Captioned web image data
■ ■ ■ ■ ■

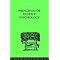 The Greatest Books in Psychology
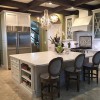 Stockdale Cabinetry, Kitchen & Bath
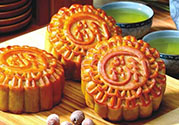 孕婦可以吃冰皮月餅嗎？孕婦吃冰皮月餅好不好？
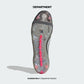 ADIDAS PREDATOR PRO FT FG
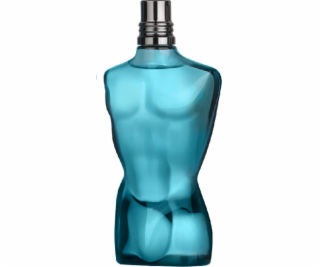 Jean Paul Gaultier Le Male balzám po holení 125 ml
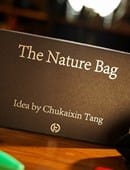 The Nature Bag Trick
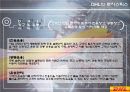 [글로벌 유통] 기업의 글로벌 유통 전략 사례 34페이지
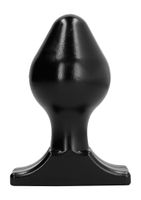Buttplug Buttplug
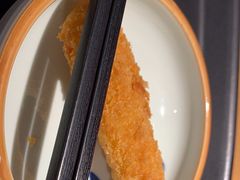 -和府捞面(壹方天地店)
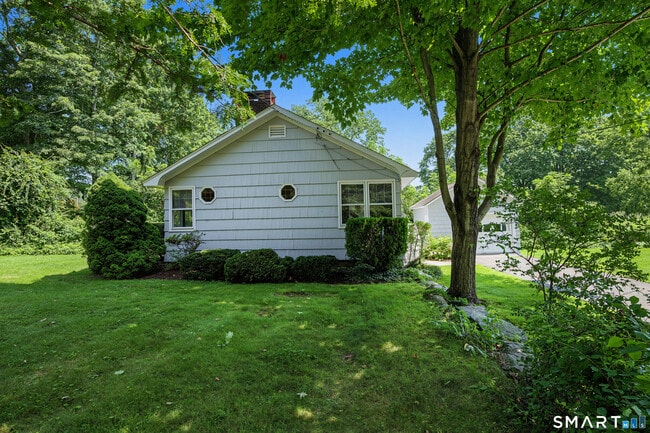 Photo - 37 Beach Ave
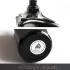 Lattafa Perfumes Maahir Black Edition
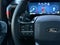 2024 Ford F-150 Raptor R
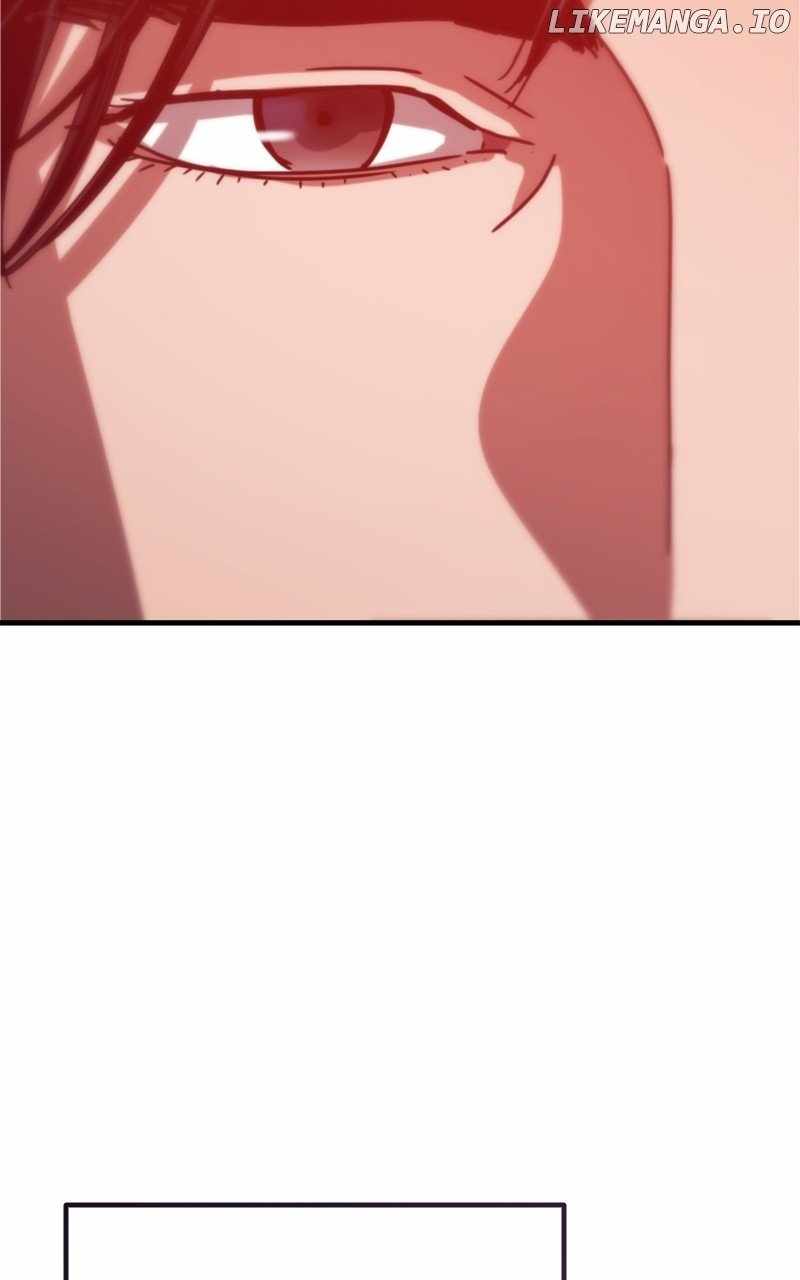 091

■ ■ ■ ■ ■

▶ _Problem description_
The records above must be printed exactly, but the pictures they hold should be omitted.

▶ _The completed task_
 The Greatest Books in Psychology
 Stockdale Cabinetry, Kitchen & Bath
 孕婦可以吃冰皮月餅嗎？孕婦吃冰皮月餅好不好？
 ADIDAS PREDATOR PRO FT FG
 Jean Paul Gaultier Le Male balzám po holení 125 ml
 The Nature Bag Trick
 [글로벌 유통] 기업의 글로벌 유통 전략 사례 34페이지
Buttplug Buttplug
 -和府捞面(壹方天地店)
 Photo - 37 Beach Ave
 Lattafa Perfumes Maahir Black Edition
 2024 Ford F-150 Raptor R
 091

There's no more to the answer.